Fernando de Toledo Oropesa (1520–1590) was a Spanish Roman Catholic priest who was made a cardinal but who refused the honor.

==Biography==

Fernando de Toledo Oropesa was born in Spain in 1520, the son of Luis de Toledo y Pacheco and Inés Duque Estrada. A noble family, they were related to the counts of Oropesa and to Cardinal Juan Álvarez de Toledo.

He studied at the University of Salamanca. While there, he became friends with Juan de Ribera. After university, he was ordained as a priest.

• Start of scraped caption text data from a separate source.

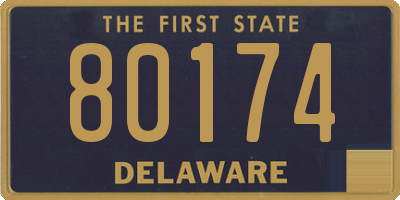 DE license plate 80174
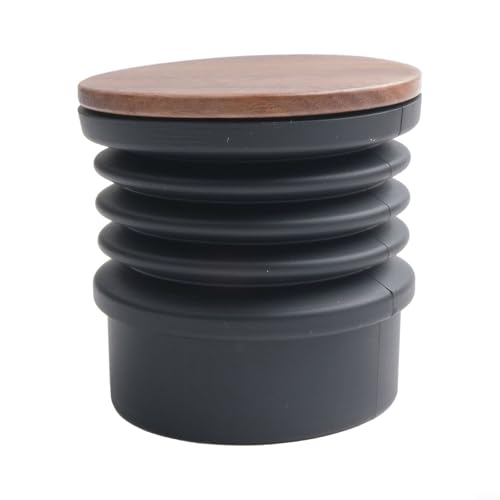Efficient Grounds Collection für Kaffeemühlen, Einzeldosis-Trichter mit Blasfunktion (Holzdeckel) von Fauhapyway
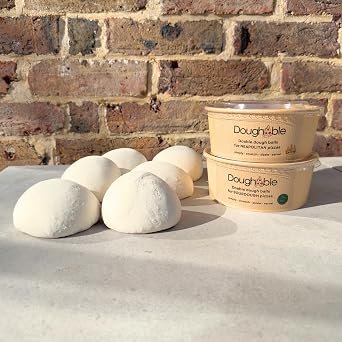 6 Sourdough Pizza Dough Balls – Caputo 00 Flour – 280g - Includes Proving Pots and Semolina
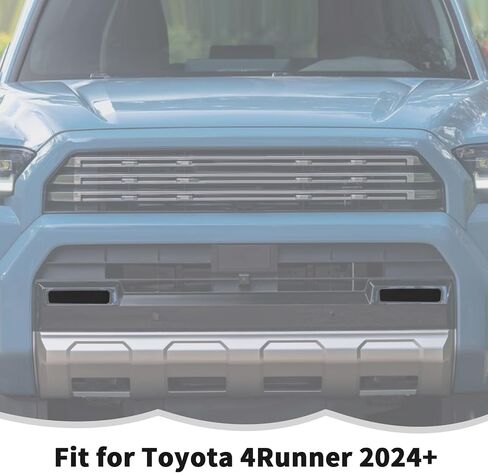 RT-TCZ Front Fog Light Lamp Cover Trim Decoration Exterior Accessories for Toyota 4Runner 2024 2025,Smoked Black in Saudi Arabia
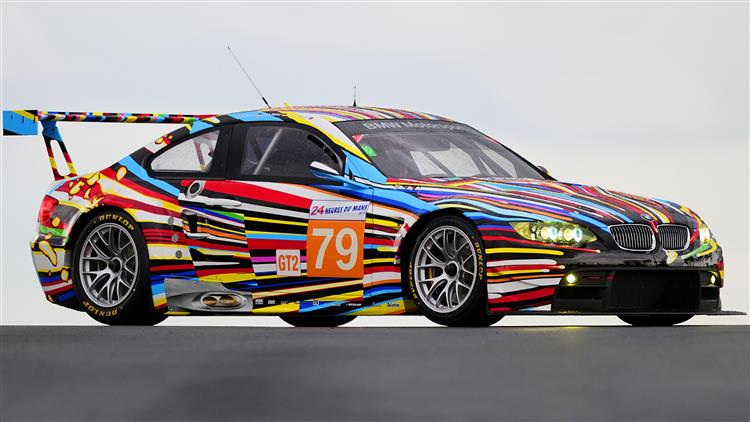17th BMW Art Car, which raced at the 24 Hours of Le Mans, France., 2010 - Джефф Кунс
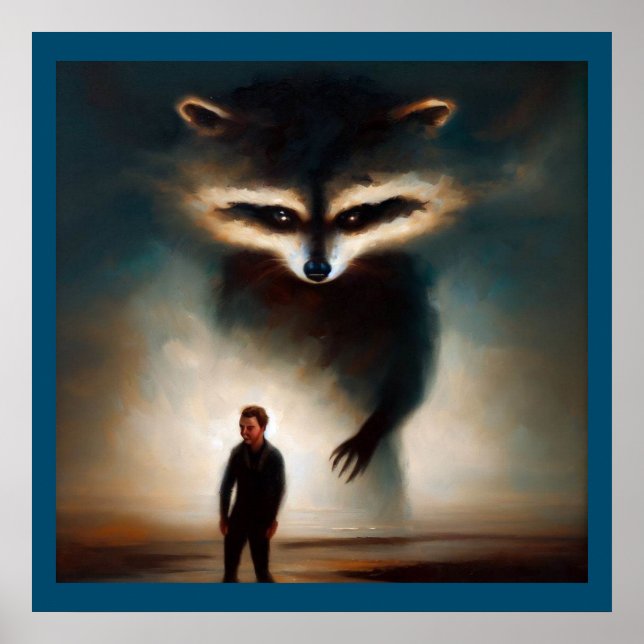 Affiche Spirit Animal Raccoon 1 (Devant)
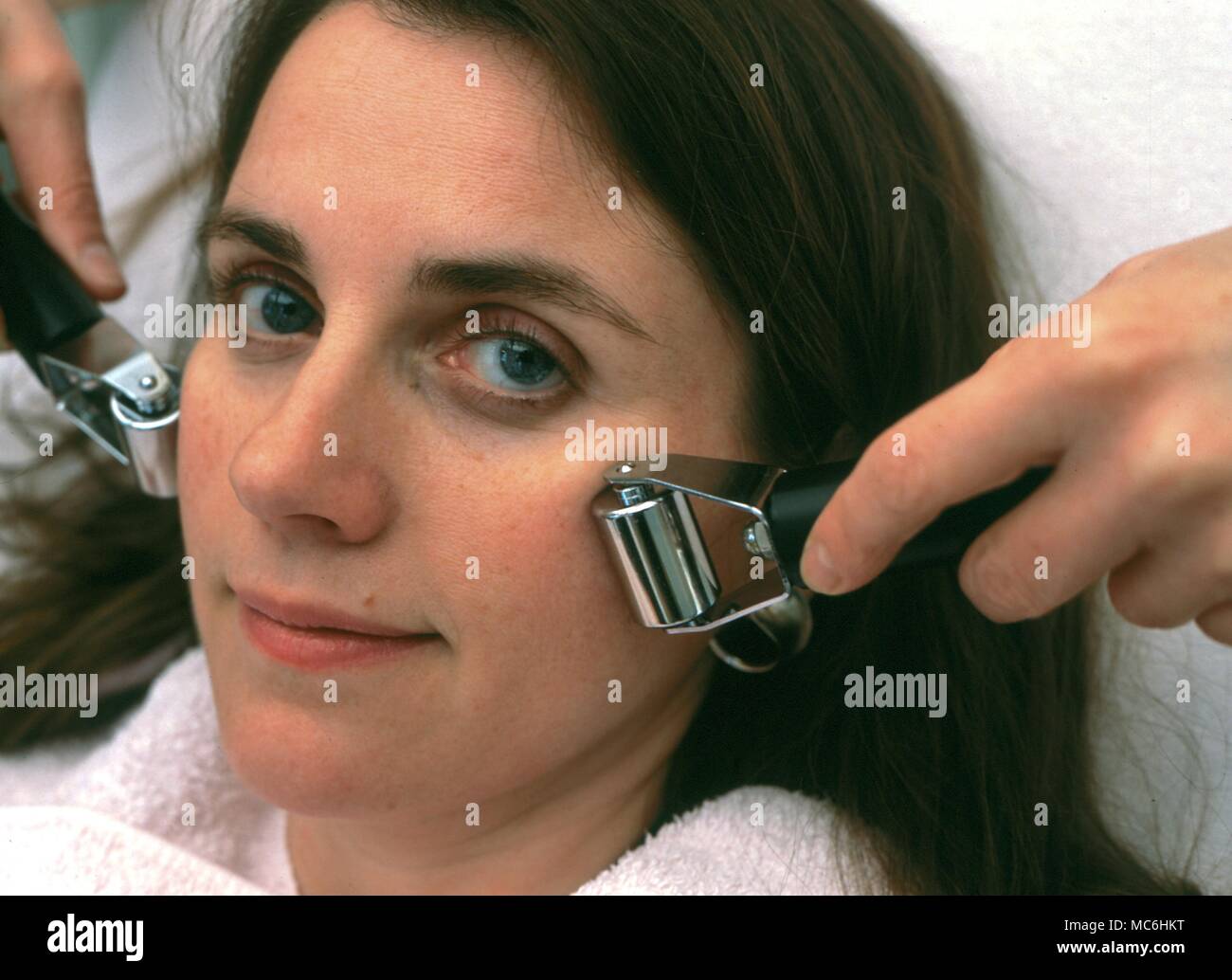 Soin de beauté dans un salon de la Santé Banque D'Images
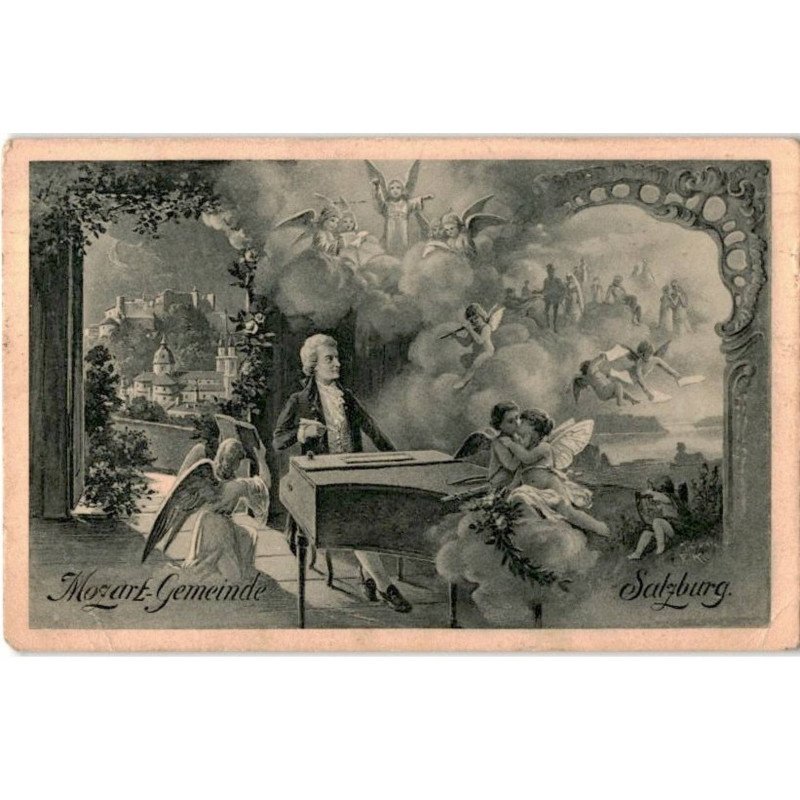 COMPOSITEUR - spectacle et musique: Mozart Geminde, salzburg - état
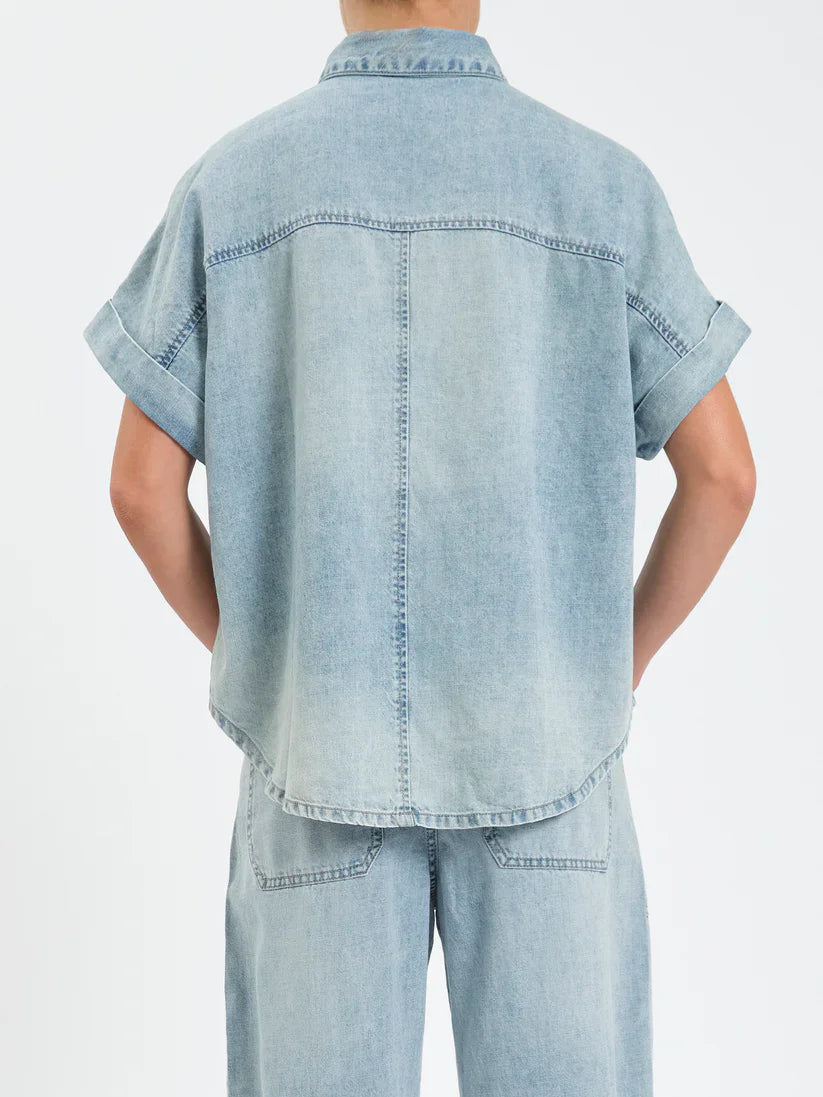 Daze Shore Rolled Sleeve Top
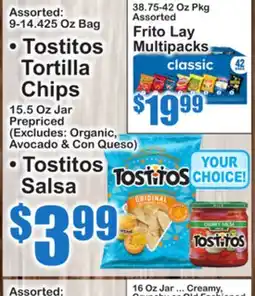 SuperFresh • Tostitos Tortilla Chips • Tostitos Salsa offer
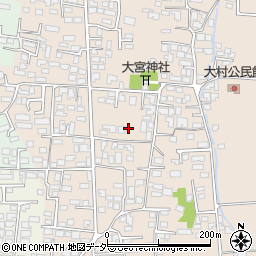 長野県松本市大村355-5周辺の地図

The King of Spain offered him several ecclesiastical posts, but Toledo refused them all. He was appointed president of the Royal Audiencia of Lima; he initially accepted this position, but then reconsidered and declined to travel to the Viceroyalty of Peru. Instead, he remained in Spain and dedicated himself to preaching, hearing confessions, and assisting the sick and poor.

Upon the insistence of Philip II of Spain, Pope Gregory XIII made him a cardinal in the consistory of 21 February 1578. The nuncio in Spain, Cardinal Filippo Sega communicated the king's thanks to the pope on 13 March 1578, but then on 5 May reported that Toledo had declined the appointment. The pope and the king agreed that Sega could convey the biretta to Toledo on the assumption that Toledo could be prevailed upon to accept the appointment. However, Toledo refused repeatedly, and on 4 July 1578 the pope accepted Toledo's refusal and withdrew his creation, complaining to Philip II that the king had insisted he make a cardinal of someone who would refuse the honor. The king replied that he never imagined any of his subjects would refuse a cardinalate.

Toledo continued his priestly duties until his death. He died in Oropesa in 1590, in the middle of giving a sermon. He was buried in the monastery of the Immaculate Conception in Oropesa.